Une décision au cœur du débat sur la justice pour les victimes
En juin 2022, la cour d'assises du Nord a rendu un arrêt marquant lors du procès de Dino Scala, condamné pour 54 viols et agressions sexuelles commis entre 1988 et 2018. Ce verdict pourrait avoir des conséquences profondes sur la manière dont la prescription des délits sexuels est interprétée, comme le souligne RTL.
La cour a décidé de lever la prescription, une démarche considérée comme révolutionnaire, permettant ainsi de condamner des actes généralement jugés prescrits. Les avocates de Flavie Flament, qui représentent également des plaignantes dans l’affaire de PPDA, utilisent cette jurisprudence pour tenter d'invalider la prescription dans d'autres dossiers similaires.
Une exception qui pourrait changer la donne
Au cours du procès, il a été établi qu'un nombre significatif des violences sexuelles de Dino Scala étaient, en théorie, prescrites.

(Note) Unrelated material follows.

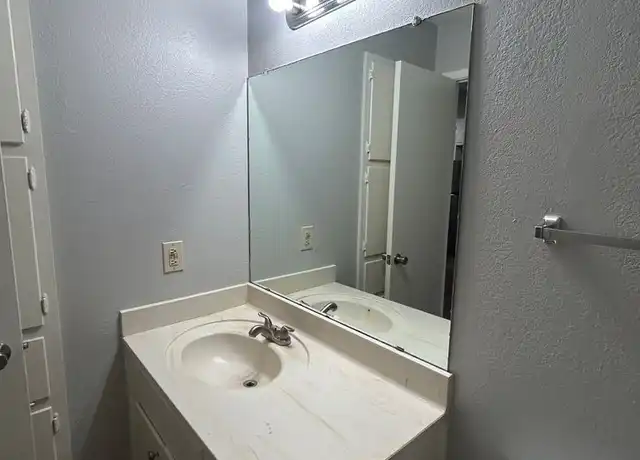 Property at 1120 James Ave Unit Brownstone 205, Waco, TX, 76706, 1 bed, 1 bath, [object Object]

Les avocats défendant Scala ont avancé que 10 viols et 15 agressions sexuelles étaient concernés. Avant 2017, les délais de prescription étaient de 10 ans pour les viols et de 3 ans pour les agressions sexuelles, ce qui signifie qu'une bonne part des infractions réclamées contre lui auraient échappé à la justice.
Cependant, la cour a évoqué une "exception d’ordre public", en appelant à un interprétation plus humaine des lois en matière sexuelle. Cette décision trouve son fondement dans la législation du 21 avril 2021, qui instaure une "prescription en cascade", limitant les délais applicables aux agressions sexuelles sur mineurs en cas de récidive.
Analyse d'experts et réactions
Les magistrats ont argumenté que Scala, défini comme un "agresseur sexuel en série", affichait un "mode opératoire identique" pour ses infractions. Cela a été interprété comme une connexion suffisante entre divers faits, bien que distincts, pour justifier la levée de prescription. Suivant cette logique, des experts du droit pointent une possible évolution vers une approche plus protectrice des victimes dans le système judiciaire français.
Cette décision pourrait inciter d'autres victimes à se manifester et à poursuivre leurs agresseurs, offrant ainsi un nouvel espoir dans un paysage souvent difficile à naviguer. En effet, avec une telle interprétation de la loi, l'inaction passée pourrait ne plus condamner les victimes à l'oubli.